Awesome! I love this kind of stuff.


----------



## XCProphet (Aug 23, 2005)

Anymore? Or is this the defining homemade mix?


----------



## Stugotz (Dec 14, 2011)

I'm going to try making it tonight!


----------



## Stugotz (Dec 14, 2011)

*Bars*

Here's a recipe I've tried wit good results:

Walnuts 1 cup
Pecans 1 cup
Coconut 1 cup
Almonds 1 cup
Oats 2 cups
Plain soy milk 1/3 cup
Brown sugar 1/3 cup
Honey 1/2 cup
Vanilla extract 1/2 teaspoon
Salt 1/4 teaspoon

Grind nuts and coconut in a food processor until fine. Combine this mixture with the oats and bake it at 325ºF until brown (around ten minutes).

In a sauce pan, bring remaining ingredients to a simmer. Pour over the dry ingredients and mix well.

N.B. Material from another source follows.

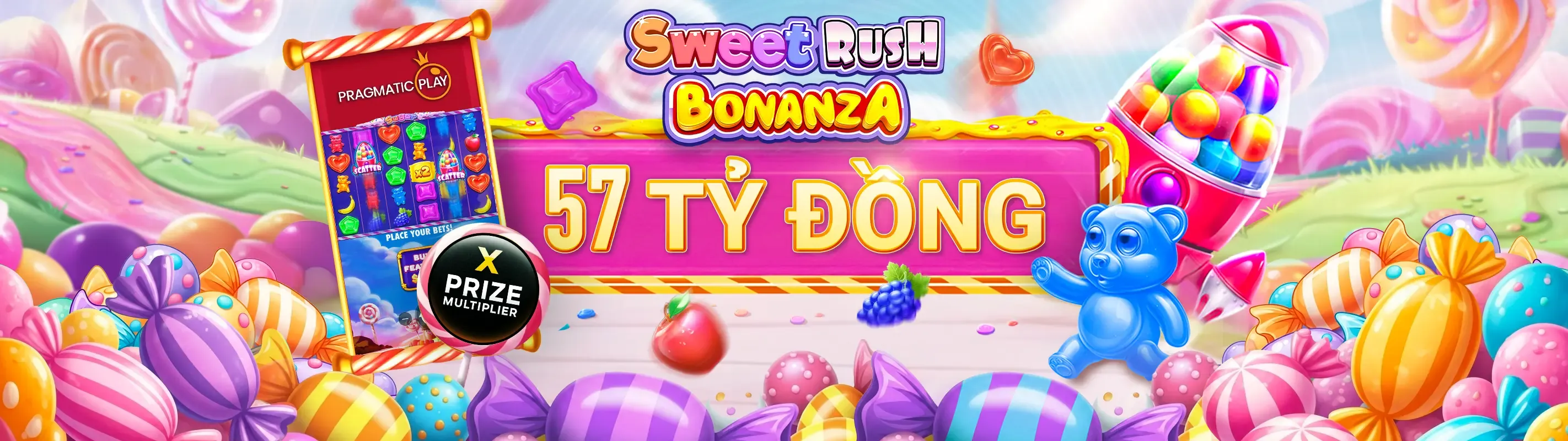 Chính Sách Cookie S666me Khuyến Mãi 2026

Spread out on a sheet pan with a piece of parchment paper down. Cover it with another piece of parchment and roll it flat using a rolling pin.

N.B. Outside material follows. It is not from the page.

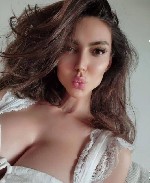 Интим-девушки, индивидуалки объявление но. 3736366: Юля+79878573829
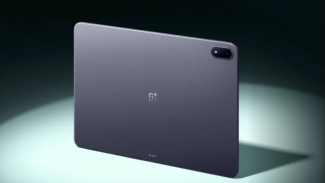Photo Mini 2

Remove the top parchment sheet, and bake at 325ºF for about 15 minutes (or until golden brown).

Allow it to cool down before cutting it. Store in an airtight container in the refrigerator.


----------



## XCProphet (Aug 23, 2005)

Stugotz said:


> Here's a recipe I've tried wit good results:
> 
> Walnuts 1 cup
> Pecans 1 cup
> ...


I've avoided adding any more sugar, salt , & extracts but will really dig adding the pecans and walnuts.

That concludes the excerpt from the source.